SUPPLIED MATERIAL.
==*==

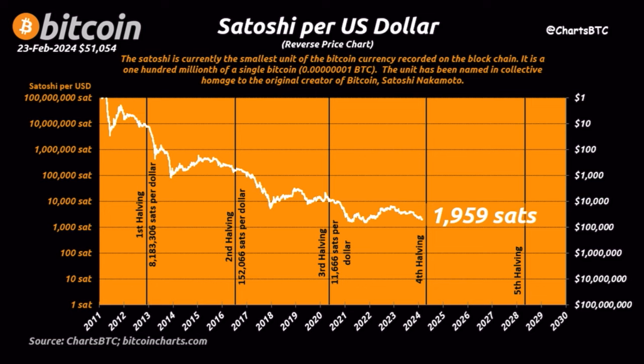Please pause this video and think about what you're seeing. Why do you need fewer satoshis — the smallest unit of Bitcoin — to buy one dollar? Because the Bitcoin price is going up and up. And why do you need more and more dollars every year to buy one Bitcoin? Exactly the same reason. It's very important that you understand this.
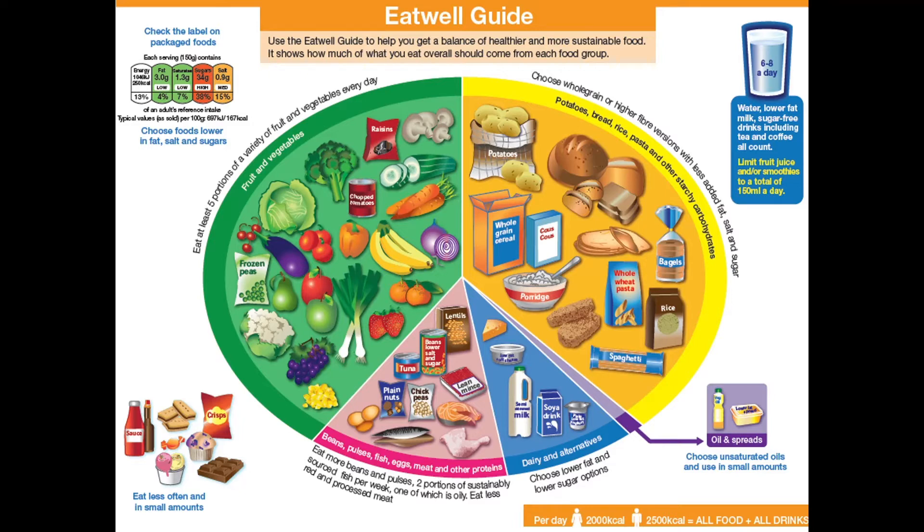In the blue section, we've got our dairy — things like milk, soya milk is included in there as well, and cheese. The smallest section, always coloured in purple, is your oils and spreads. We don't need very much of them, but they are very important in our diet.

==*==

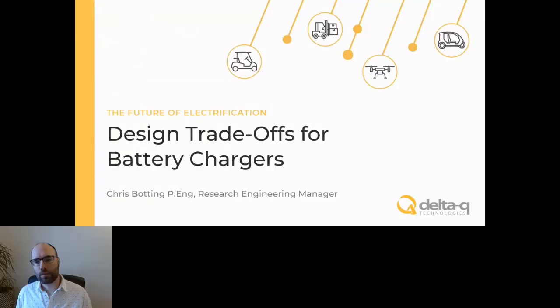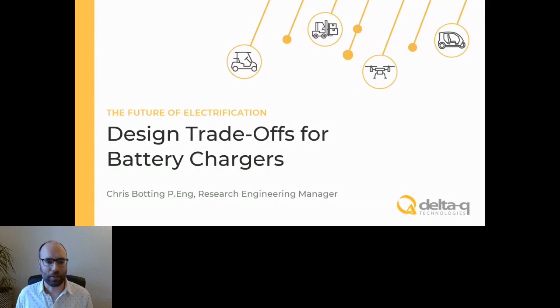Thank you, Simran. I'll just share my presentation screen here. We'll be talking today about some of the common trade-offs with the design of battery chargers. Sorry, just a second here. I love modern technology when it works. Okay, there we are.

==*==

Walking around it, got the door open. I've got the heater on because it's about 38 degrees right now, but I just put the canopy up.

==*==

TASK DIRECTIONS. Going by the data above, give back only the lines from the one containing "Please pause this" through the one containing "In the blue", exactly as they stand, both ends included and no images.

WRITTEN RESPONSE.
Please pause this video and think about what you're seeing. Why do you need fewer satoshis — the smallest unit of Bitcoin — to buy one dollar? Because the Bitcoin price is going up and up. And why do you need more and more dollars every year to buy one Bitcoin? Exactly the same reason. It's very important that you understand this.
In the blue section, we've got our dairy — things like milk, soya milk is included in there as well, and cheese. The smallest section, always coloured in purple, is your oils and spreads. We don't need very much of them, but they are very important in our diet.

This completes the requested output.